To connect to the PostgreSQL database from your Python code running in the Jupyter notebook or Streamlit app:

import psycopg2

# Connect to the database
conn = psycopg2.connect(
    host="database",  # Use the service name as the hostname
    database="dfs",
    user="postgres",
    password="postgres",
    port=5432
)

# Create a cursor
cur = conn.cursor()

# Execute a query
cur.execute("SELECT * FROM your_table")

# Fetch results
results = cur.fetchall()

# Close the connection
cur.close()
conn.close()

Note that you use host="database" because Docker Compose creates an internal network where services can reference each other by their service name.

How can I add more Python packages to my environment?

To add more Python packages:

  1. Add the package names to your requirements.txt file
  2. Rebuild the affected services:
    docker compose build notebook streamlit pytest
    
  3. Restart the services:
    docker compose up -d
    

For one-time package installations in Jupyter, you can also use !pip install package_name in a notebook cell.

Can I use this setup for production environments?
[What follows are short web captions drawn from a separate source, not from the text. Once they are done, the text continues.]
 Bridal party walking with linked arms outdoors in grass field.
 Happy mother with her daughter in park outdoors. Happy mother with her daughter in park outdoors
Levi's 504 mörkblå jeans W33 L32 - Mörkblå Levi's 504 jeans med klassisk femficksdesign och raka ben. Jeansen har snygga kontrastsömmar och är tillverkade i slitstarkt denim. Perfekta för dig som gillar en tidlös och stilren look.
This setup is primarily designed for development. For production:

  1. Remove development-specific services like Jupyter Notebook
  2. Add proper security measures (secure passwords, SSL)
  3. Configure proper logging and monitoring
  4. Use Docker Swarm or Kubernetes for orchestration
  5. Set up proper backup strategies for the database
  6. Consider using managed services for critical components

How do I persist data between container restarts?

Data persistence is handled through Docker volumes:

  1. Database data is stored in ./data/db:/var/lib/postgresql/data
  2. Your code is mounted from your local directories to the containers
  3. For additional data that needs to persist, add more volume mounts in the docker-compose.yml file:
    volumes:
      - ./local/path:/container/path
    

What if I need to debug issues in a container?

To debug issues:

  1. Access container logs:

    docker compose logs service_name
    
  2. Get an interactive shell in a running container:

    docker compose exec service_name bash
    # or for Alpine-based images:
    docker compose exec service_name sh
    
  3. Check container status:

    docker compose ps
    

How can I expose my Streamlit app to others on my network?
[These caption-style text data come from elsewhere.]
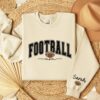 personalized football mom sweatshirt with kids name on sleeve for game day sports moms hoodie t0ara scaled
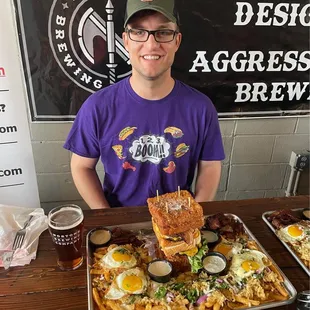 a man holding a tray of food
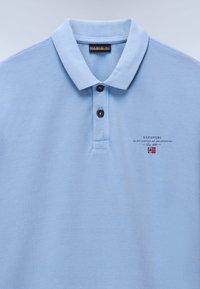 Lys blå piké skjorte med teksturert stoff, to svarte knapper og brodert logo med flaggdesign på venstre brystområde.
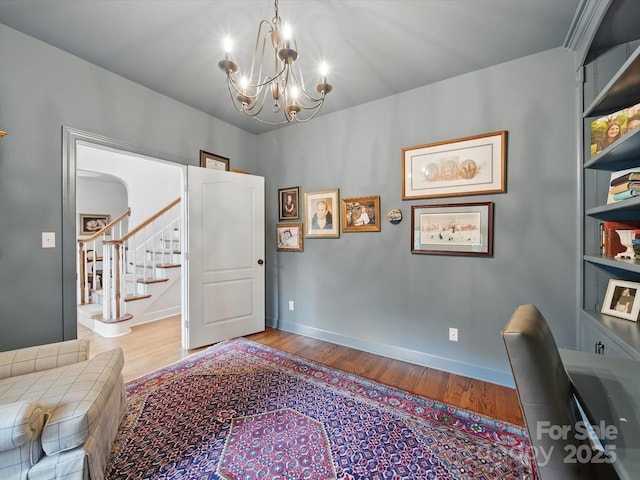 4644 Snow Dr, Harrisburg, NC 28075 - office featuring wood finished floors, a chandelier, and baseboards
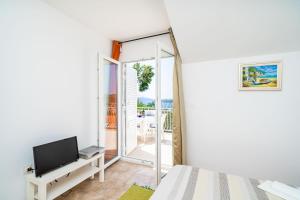 a bedroom with a tv and a sliding glass door at Apartments Villa Cerjak in Slano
By default, Streamlit binds to localhost. To make it accessible on your network:

  1. Modify the Streamlit command in docker-compose.yml:

    command: streamlit run /src/src/streamlit_dashboard/streamlit_app.py --server.address=0.0.0.0
    
  2. If needed, configure your host firewall to allow connections on port 18501

  3. Others can access your app using your machine’s IP address: http://your-ip-address:18501


This setup offers a complete development environment with:

  • Persistent database management
  • Interactive notebook development
  • Streamlit-based web application hosting
  • Automated testing with pytest

By following this guide, you’ll have a scalable and maintainable Python development environment powered by Docker Compose.